Direktur Eksekutif Center of Economic and Law Studies (CELIOS) Bhima Yudhistira menilai investasi Just Energy Transition Partnership (JETP) lambat direalisasikan. Hal itu karena arah kebijakan pemerintah Indonesia yang belum bisa membuat International Partners Group dan juga lembaga internasional lainnya meyakini komitmen transisi energi di Tanah Air.

JETP merupakan program pendanaan yang diberikan negara-negara maju untuk mendukung transisi energi negara berkembang. 

Bhima mengatakan, salah satu faktor keraguan tersebut dipengaruhi oleh kebijakan pemerintan Indonesua yang masih memberikan izin pembangunan Pembangkit Listrik Tenaga Uap (PLTU) captive di kawasan industri melalui Peraturan Presiden (Perpres) No. 112 Tahun 2022

“Ini membuat  pihak yang ingin mendanai pensiun dini PLTU milik PLN  menjadi ragu,” kata Bhima saa dihubungi Katadata, Jumat (26/4).

Ia mengatakan, saat ini Sekretariat JETP Indonesia sedang dalam proses pendataan PLTU milik industri. Ia mendorong pendataan ini dipercepat sehingga bisa mendorong dikeluarkannya regulasi baru untuk menghentikan pemberian izin PLTU baru di kawasan industri. Jika tidak ada regulasi baru, maka Indonesia akan kesulitan mencapai target net zero emission (NZE).

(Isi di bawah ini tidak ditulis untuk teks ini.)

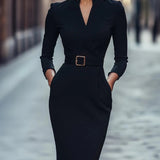 Vestido Midi Elegancia Otoñal – Diseño de Cintura Halagador para Reuniones Chic de Cóctel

Bhima mengatakan, kelebihan listrik PLTU milik PLN yang ada saat ini bisa disalurkan ke kawasan industri, tanpa membuat PLTU baru. Pemerintah juga diharapakan mendorong industri peleburan nikel dapat membangun energi baru terbarukan (EBT).

“Paling tidak yang sudah terlanjur dibangun PLTU batubara di kawasan industri bisa dikurangi kapasitasnya, lalu digantikan dengan energi terbarukan,” ucapnya.

Sebagai informasi, pembangkit listrik tenaga batu bara yang dioperasikan oleh industri tidak disertakan dalam rencana JETP. Pemerintah memerlukan lebih banyak waktu untuk memikirkan cara melindungi sektor industri pertambangan, terutama peleburan nikel.